Written informed consent was obtained from each patient. The study was approved by the Ethics Committee of Beijing Anzhen Hospital, the People's Hospital of Guangxi Zhuang Autonomous Region, and Union Hospital. Patients with valvular heart disease, thromboembolism, collagen disease, disseminated intravascular coagulation, advanced liver disease, renal failure, malignant disease, septicemia, other inflammatory disease, or current steroid therapy were excluded from the study.
Clinical Data Collection
Clinical data were obtained upon admission to hospital. Demographic data, height, body weight, medical history, and medication use were recorded. Body mass index (BMI) was calculated as weight (kg) divided by square of height (m).
Blood Samples Measurements
In the AMI group, blood samples were obtained from the patients upon arrival at the emergency unit. Fasting blood samples were obtained the morning after admission for the rest of the study groups. The samples were collected in sodium heparin Vacutainers (Becton-Dickinson). Blood was centrifuged for 15 min at 3,000 × g and the plasma was stored at -80°C until further use.
The levels of plasma chemerin and adiponectin (R&D Systems, USA) were measured by an enzyme-linked immunosorbent assay (ELISA), following the manufacturer's instructions. The ELISA intra-assay and inter-assay coefficients of variation were <5% and <10%, respectively. All of the samples were measured in duplicate.
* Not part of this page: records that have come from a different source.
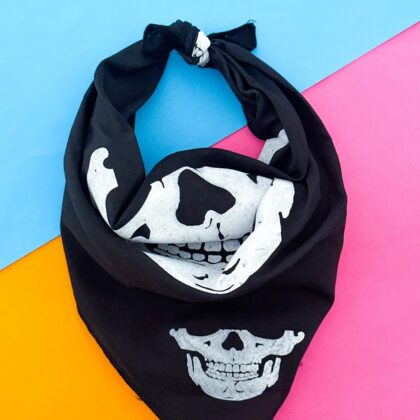 Pañuelo bandana 45x45cm "Mandíbula"
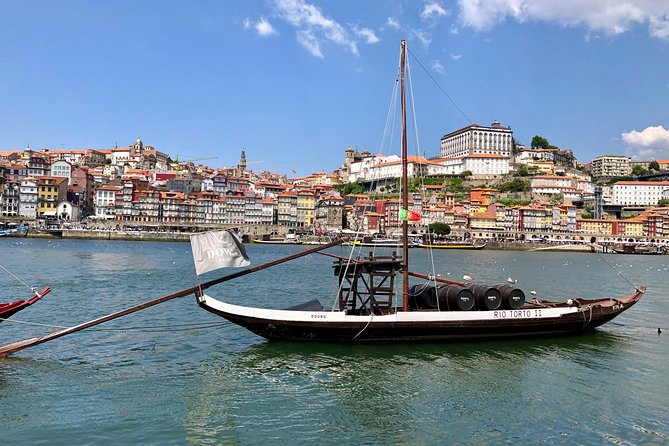 City Walking Tour & Port Wine Cellar - Down to the river and across to Vila Nova de Gaia
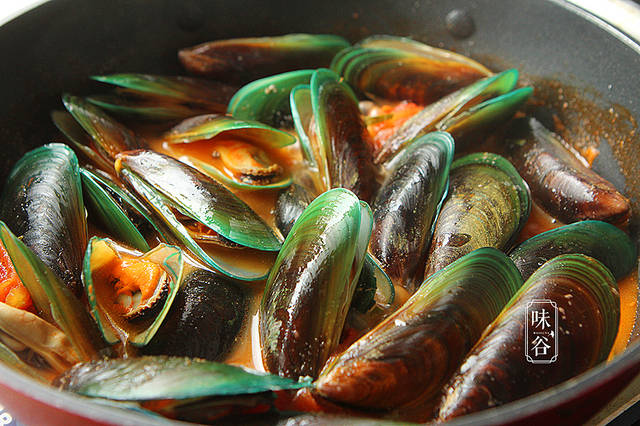 清明的青口最是肥美可口,千万不可错过哦!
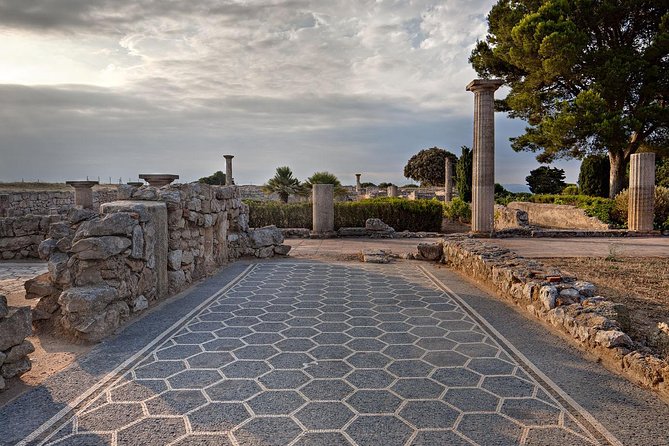 Private Costa Brava and Empuries Tour with Hotel Pick-Up and Panoramic Boat Ride - Lunch and the shape of the day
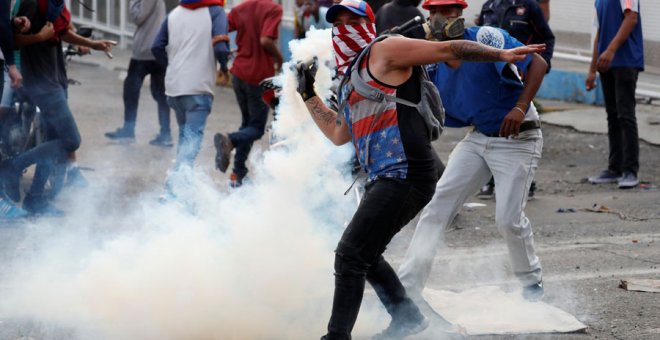 Un manifestante, en Caracas este martes. REUTERS/Carlos García Rawlins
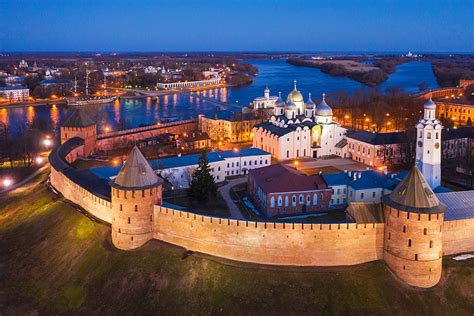 Velikıy Novgorod İsyanı: Moskova Büyük Dükalığı'nın Yükselişi ve Rusya'da Feodal Güç Dengesinin Değişimi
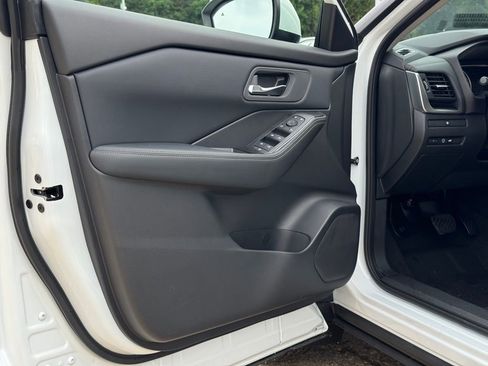 New 2026 Nissan Rogue SV image 21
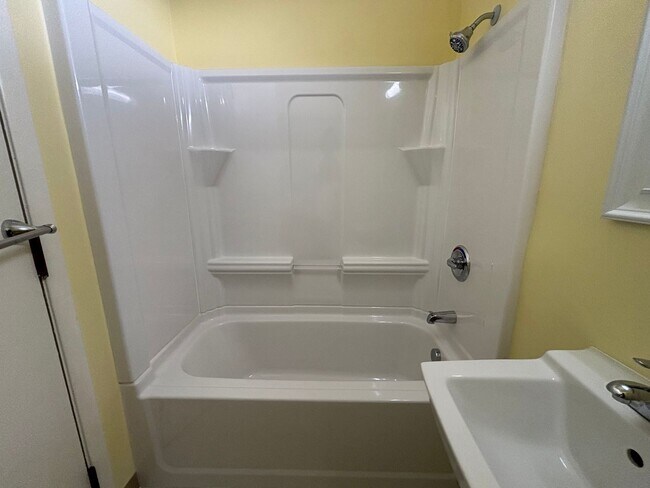 310 Montgomery St Unit 2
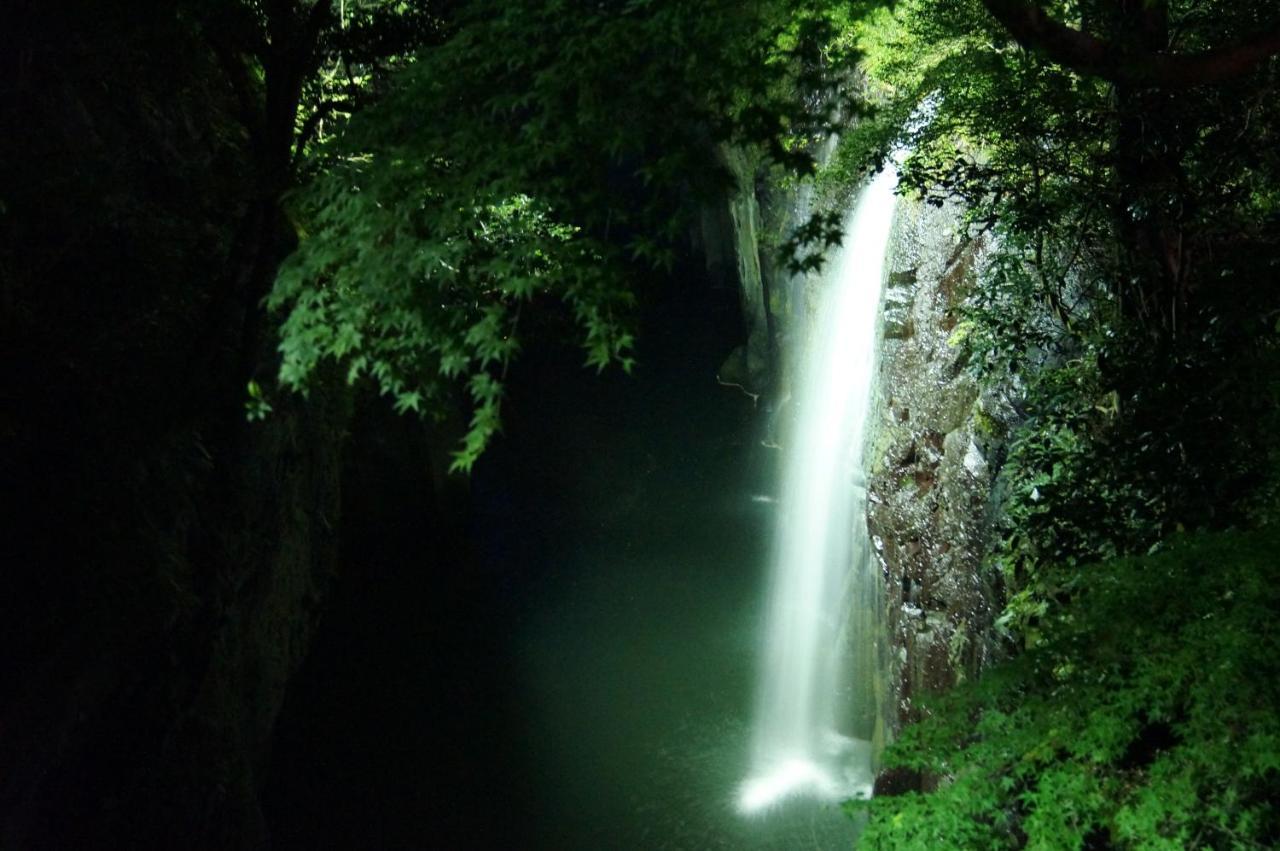 Kagura No Yakata Hotel Takachiho Exterior foto
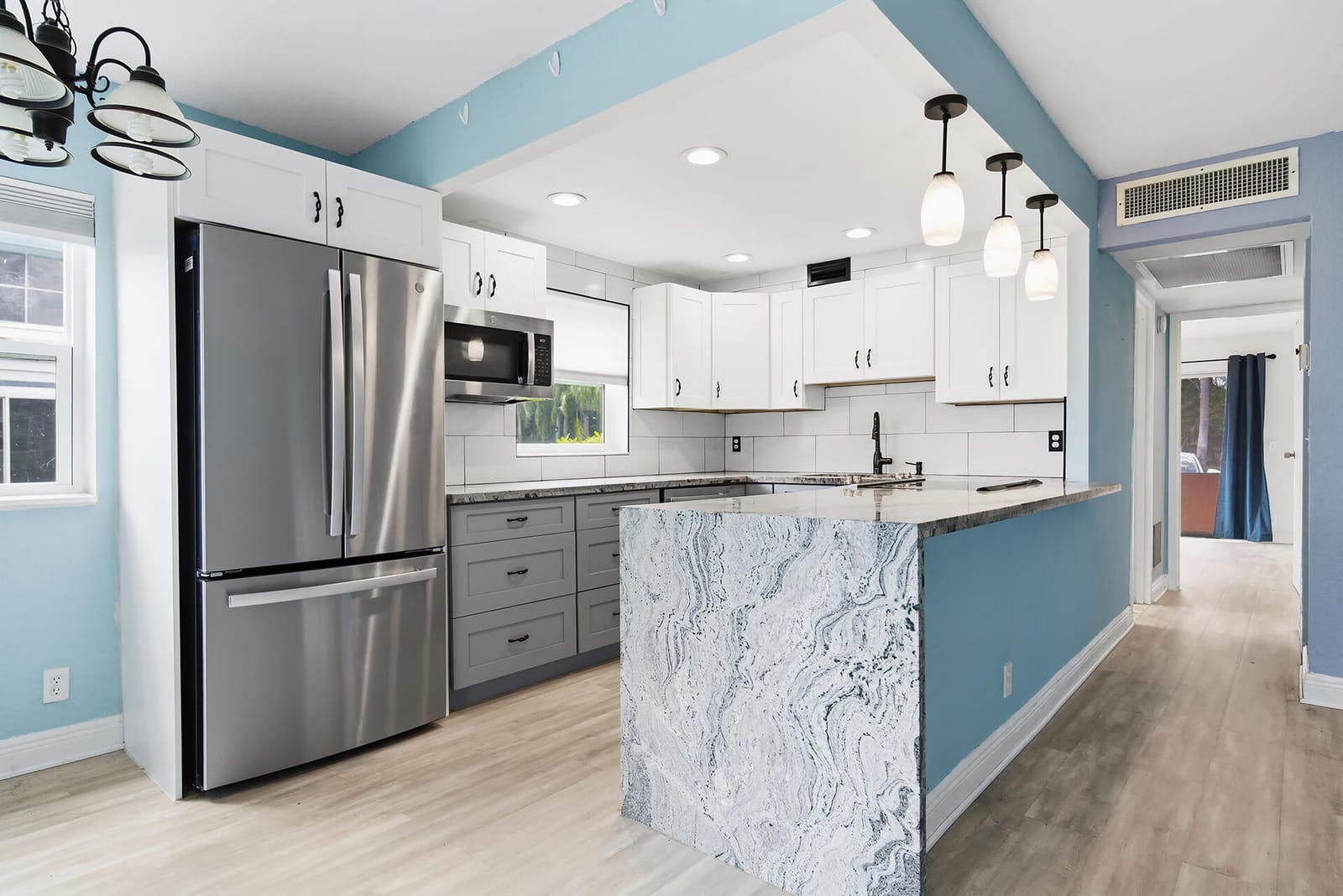 220 Tuscany D — photo 10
The levels of lipid and lipoprotein fractions, fasting glucose, creatinine and C-reactive protein (CRP) at baseline were measured in central laboratory of Beijing Anzhen Hospital.
Doppler Echocardiography
The patients underwent M-mode and 2D-echocardiography using a GE ViVid E7 ultrasonography machine (GE Healthcare, America) with a transthoracic 1.5–4.3 MHz probe (M5S-D). Left ventricular end-diastolic diameter (LVEDD) and fractional shortening were measured. Left ventricular ejection fraction (LVEF) was calculated from apical four chambers position by the area–length method.
Gensini Score
The severity of coronary stenosis in patients was estimated with a Gensini coronary score following coronary angiography.
Statistical Analysis
All of the data were given as the mean ± SD. When comparing only 2 groups, Student's T-test was used. For comparisons involving 3 or more groups, one-way ANOVA followed by Neuman-Keuls post-hoc test was used. Spearman's correlation was used to calculate the correlations between the plasma chemerin levels and the other measured parameters. To identify the independent predictors of the presence of ACS, simple linear regression analyses were firstly performed and the candidate variables entered in the model included age, sex, BMI, hypertension, diabetes, smoking, lipid and lipoprotein fractions, fasting glucose, creatinine, CRP, chemerin and adiponectin, and then those variables exhibited a trend (p < 0.05) toward an association with the presence of ACS were entered in binary logistic regression analyses. Odds ratios (ORs) and 95% confidence intervals (CIs) were calculated. In all of the tests, a value of P < 0.05 was considered to be statistically significant.